A new podcast from the Greater Madison Chamber of Commerce (GMCC) and DEI consultancy 365 Nation focuses on leaders of the area’s business community – and what they think needs to happen to make the city a more welcoming, inclusive place.
“Businesses are focused on creating a sense of belonging inside the four corners of their business. But even if you got it perfect, which no company does, what’s happening outside of your business is as important, if not more important, to a sense of belonging,” said GMCC President Zach Brandon, who cohosts the podcast with 365 Nation CEO Henry Sanders. Sanders is also CEO of 365 Media Foundation and publisher of Blueprint365.
The idea came from the DIJE Initiative – GMCC’s effort to help the business community work toward diversity, inclusion, justice and equity. One component of that was to interview top executives about how the greater Madison community could create a more inclusive and equitable environment and a sense of belonging in order to retain a more diverse talent pool.

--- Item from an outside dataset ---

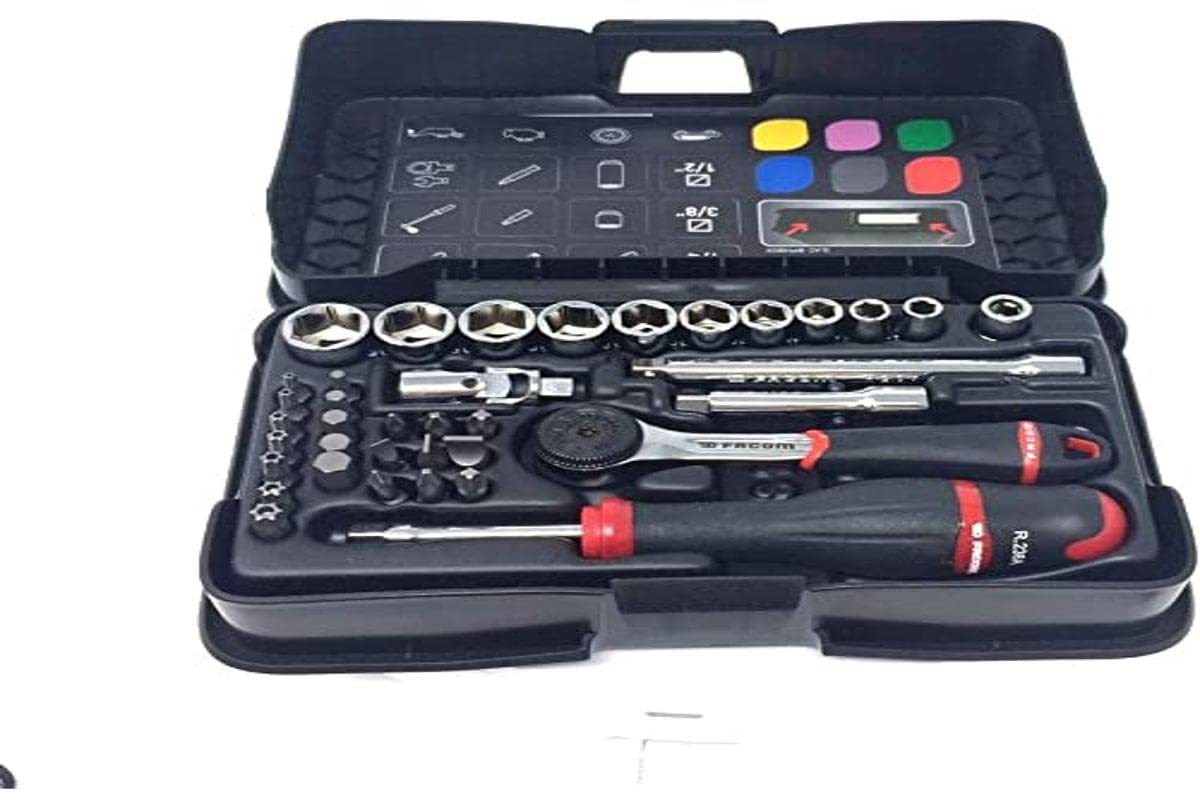 facom-r-161-3p6-coffret-de-douilles-1-4-6-pans-m-triques-19-pi-ces-cliquet-13-do image 5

After more than 60 interviews, Sanders and Brandon realized they had to share the stories they were hearing.
“We came out of that realizing that there were stories to be told,” Brandon said. “A lot of times you see the profile piece or the bio on the website or even their social media persona, and you have a sense of who they are. But you don’t really know where they came from, what made them who they are. … Henry and I kept saying after each of these calls, ‘That was a crazy story, that was fascinating … others should have an opportunity to hear these stories too.’”
“One of the main themes I heard in our interviews is that leadership developed over time and failure is often part of the growth process of becoming a more effective leader,” Sanders said.
Episodes of the podcast are about 30 minutes in length. The first two episodes are out today, featuring Madison College President Dr. Jack E. Daniels III and Anesis Family Therapy founder Myra McNair.
“I think the audience would be other leaders learning more about their friends or their colleagues, but also aspiring leaders or next generation leaders to both understand what to expect in their journey, but also to be able to model other people who have come before them. And then there’s also a thread about economic inclusion and equity that runs through each of the conversations,” Brandon said.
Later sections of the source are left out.